Szabłowski has told Poland's Gazeta Wyborcza daily he is delighted with the prospect, saying in a Facebook post that "it is probably the first time" the rights to a Polish book "have been sold directly to Hollywood."

How to Feed a Dictator looks at Iraq’s Saddam Hussein, Uganda’s Idi Amin, Albania’s Enver Hoxha, Cuba’s Fidel Castro, and Cambodia’s Pol Pot through the eyes of their cooks.

Szabłowski spent several years trying to get in touch with the chefs who worked for these dictators. His book has won rave reviews in Poland and abroad.

Mariusz Cieślik, a Polish critic, described it as “a tale about terror – the terror of murderers who are afraid for their lives, and the terror of those whose lives are at the mercy of their whims.”

The Wall Street Journal wrote that the author’s “personal interviews with the cooks of the tyrants of Iraq, Uganda, Albania, Cuba and Cambodia provide historical context for the worlds in which these tyrants operated and make sure we remember how evil they were, even as we read about their fondness for grilled cheese with honey or refusal to eat dried elephant meat.”

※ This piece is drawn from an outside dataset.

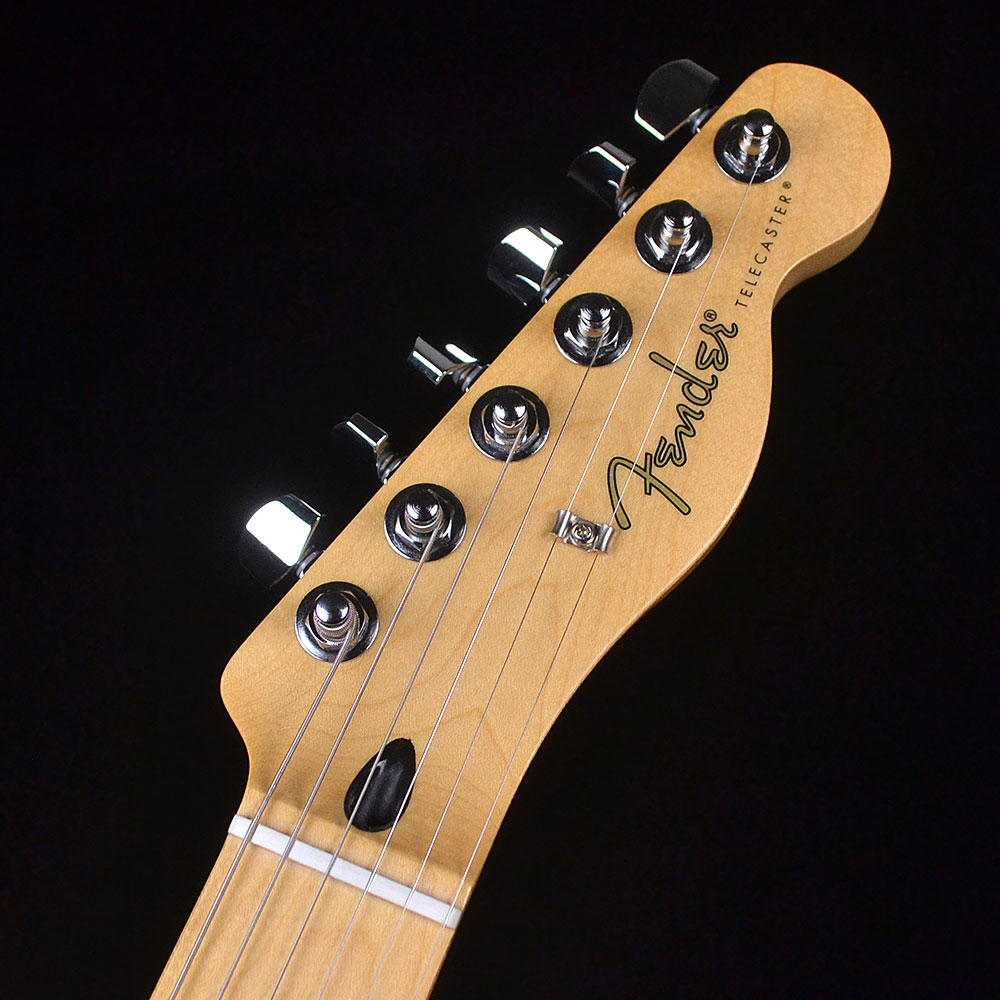 Fender Player Telecaster Polar White 電気ギターギター どろ除け プレイヤーテレキャスター 白人 未見せつける貫目 専任担当人格者による収拾済 マイル ナーラ奈良店舗 Musiciantuts Com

The Financial Times observed that “Szabłowski’s skill is to hang back from judgment … Like his compatriot, the literary non-fictioneer Kapuściński, Szabłowski lets his subjects speak for themselves [offering] behind-the-scenes glimpses of hypocrisies, capriciousness and bullying [and] posing universal questions about collusion and responsibility. Szabłowski is a limpid and gently brilliant storyteller.” 

How to Feed a Dictator has been translated into English by Antonia Lloyd-Jones.

At 40, Szabłowski is among Poland’s most prominent reporters. His features on the problem of illegal migrants flocking to the European Union have won the European Parliament Journalism Prize.

His reportage on the 1943 massacre of Poles in Ukraine won the Polish Press Agency’s Ryszard Kapuściński Award, and his book about Turkey, The Assassin from Apricot City, won the Beata Pawlak Award and an English PEN award.